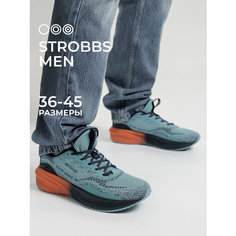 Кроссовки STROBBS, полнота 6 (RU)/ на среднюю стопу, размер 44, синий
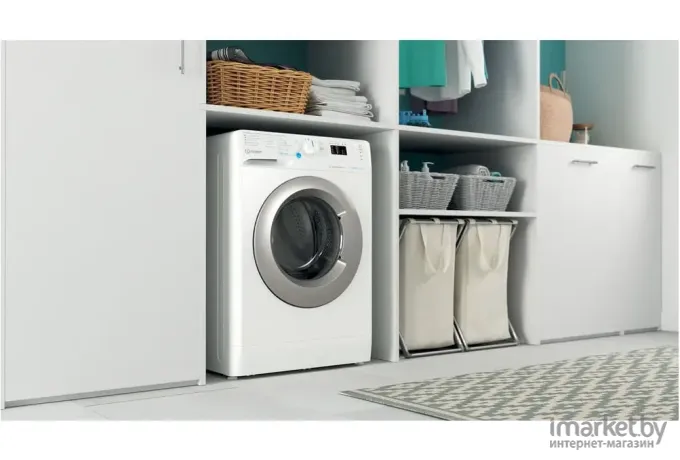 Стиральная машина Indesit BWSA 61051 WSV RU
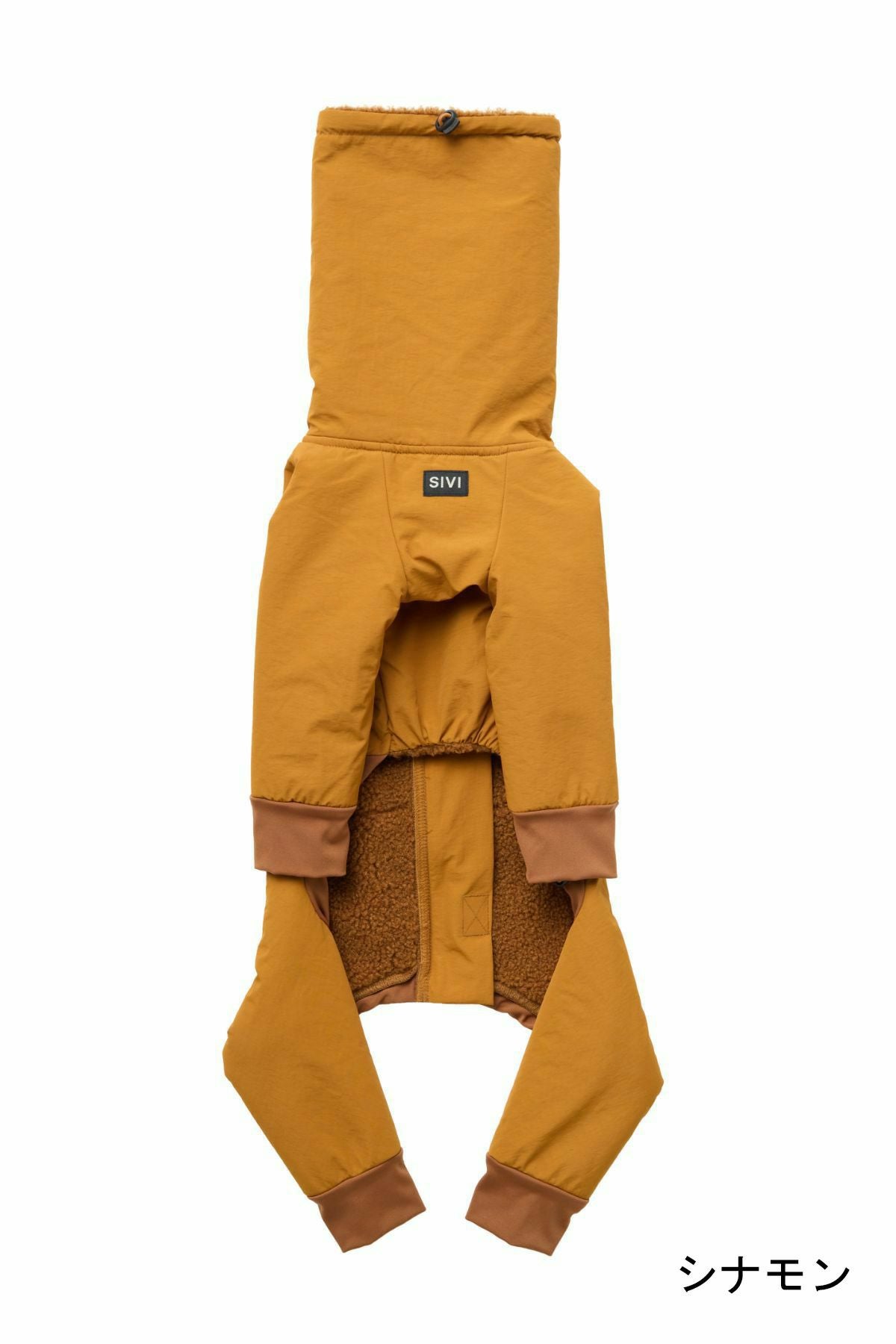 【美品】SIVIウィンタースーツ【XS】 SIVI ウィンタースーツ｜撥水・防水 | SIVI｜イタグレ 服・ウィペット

***

**Directions**:
Emit the lines of the data above from the one containing "Стиральная машина Indesit BWSA 61051 WSV RU" through its final line, both endpoints included. Pictures do not belong in the output.

**Worked solution**:
 Стиральная машина Indesit BWSA 61051 WSV RU
 【美品】SIVIウィンタースーツ【XS】 SIVI ウィンタースーツ｜撥水・防水 | SIVI｜イタグレ 服・ウィペット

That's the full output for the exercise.